António Cruz, o pintor da cidade do Porto nasceu há cem anos

a Há uma situação registada no documentário de Manoel de Oliveira O Pintor e a Cidade (1956) que muitos portuenses terão certamente na memória: uma figura um pouco exótica percorre as ruas do Porto, pára, monta o seu cavalete e começa a pintar o que vê, rodeado de crianças fascinadas com a precisão do desenho. Muitos portuenses poderão ter testemunhado esse quadro, ou mesmo sido uma dessas crianças que nas décadas de 50, 60 ou 70 rodeavam e seguiam António Cruz - é ele o pintor de que se fala - pelas ruas da cidade.

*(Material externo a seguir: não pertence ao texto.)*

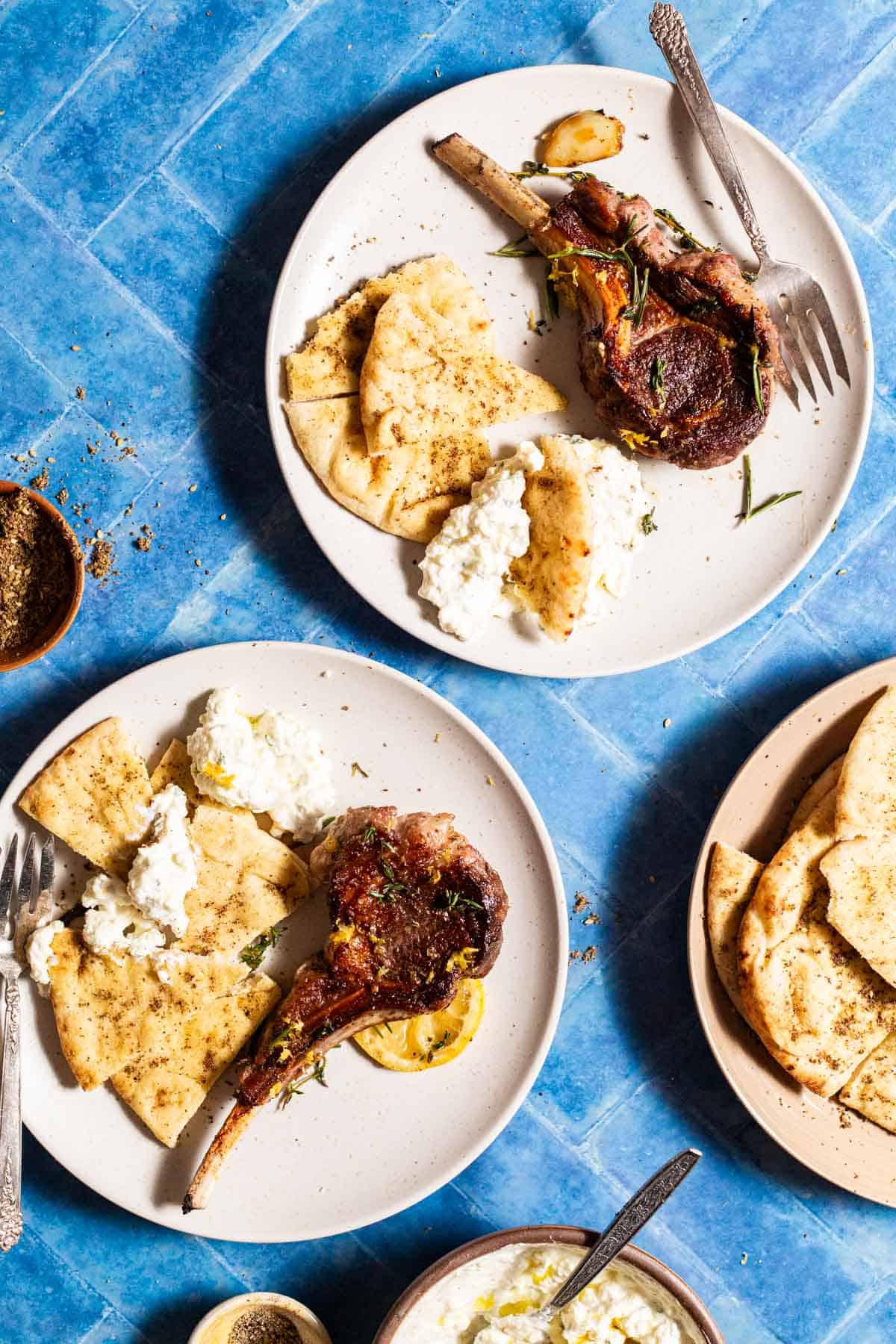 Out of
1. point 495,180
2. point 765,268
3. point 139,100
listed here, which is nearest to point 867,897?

A associação da figura e da arte de António Cruz - que nasceu faz hoje cem anos - ao Porto está assim assumida de forma quase antonomástica, como se lhe refere o crítico de arte José-Augusto França: "António Cruz é o pintor do Porto". E o documentário de Manoel de Oliveira - na sua primeira experiência cinematográfica com a cor depois de ter frequentado um curso na Agfa, na Alemanha - teve a sua quota-parte na fixação desta identificação. No filme, a câmara do realizador segue António Cruz numa jornada pelos lugares mais conhecidos do Porto, das margens do Douro aos monumentos e bairros do centro histórico. Era o registo cinematográfico do tema até aí mais tratado nas telas do pintor.
Disso deram aliás conta outros críticos de arte, como Bernardo Pinto de Almeida, para quem, "de todo os pintores do Porto no século XX, António Cruz foi decerto aquele que melhor soube entender a cidade", e o coloca na tradição aguarelista de António e Carlos Carneiro. Mas também escritores e poetas, como Eugénio de Andrade, que viu em Cruz "um dos homens que mais espreitaram a alma do Porto", inventando para ela "uma luz morna, de cobre". Estas opiniões estão registadas no catálogo da exposição António Cruz. O Pintor e a Cidade. Cinquenta aguarelas sobre o Porto, que em Dezembro de 2003 assinalou o 20.º aniversário da sua morte. O organizador foi José da Cruz Santos, que assim fez reviver a obra do pintor que foi seu tio.
"Vivi a minha infância no seu atelier de São Lázaro, mas a única coisa que aprendi com ele foi a amassar o barro", recorda Cruz Santos, ainda rendido à mestria do aguarelista, pintor e escultor. "Ele era muito seguro, pintava directamente na tela, sem precisar de desenhar primeiro."
António Cruz estudou na Escola de Belas-Artes do Porto (onde depois foi professor), terminando o curso de Pintura em 1939. Neste ano fez a primeira das duas únicas exposições que teve em nome próprio durante a vida - foi no Salão Silva Porto, em Cedofeita (depois foi também apresentada em Lisboa, na Sociedade Nacional de Belas-Artes). A segunda foi já organizada por Cruz Santos, em 1982, na Casa da Infante. "Nessa altura, já ele estava doente. E passava os dias inteiros na exposição - era a oportunidade de rever trabalhos que já tinha feito há muitos anos e que não voltara a ver", recorda.
Mas António Cruz não foi apenas um pintor do Porto. Viajante incansável, deslocava-se sempre com a sua paleta e pincel na demanda das cores de outras cidades e paisagens. Nesse percurso, montou cavalete na Andaluzia (Sevilha e Granada) e também na Escócia. "Ele considerava-se de origem celta - daí a predilecção pelas brumas e nevoeiro", nota Cruz Santos, vendo também aí a raiz do seu "feitio difícil, estóico".
Para este dia do centenário não está prevista nenhuma manifestação especial. Mas a Câmara do Porto promete homenagear António Cruz, e Rui Rio anunciou que vai propor ao executivo a atribuição ao pintor da medalha de Mérito - Grau Ouro, a título póstumo. E no final do ano Cruz Santos e a Cooperativa Árvore vão organizar uma exposição retrospectiva no Museu Nacional de Soares dos Reis.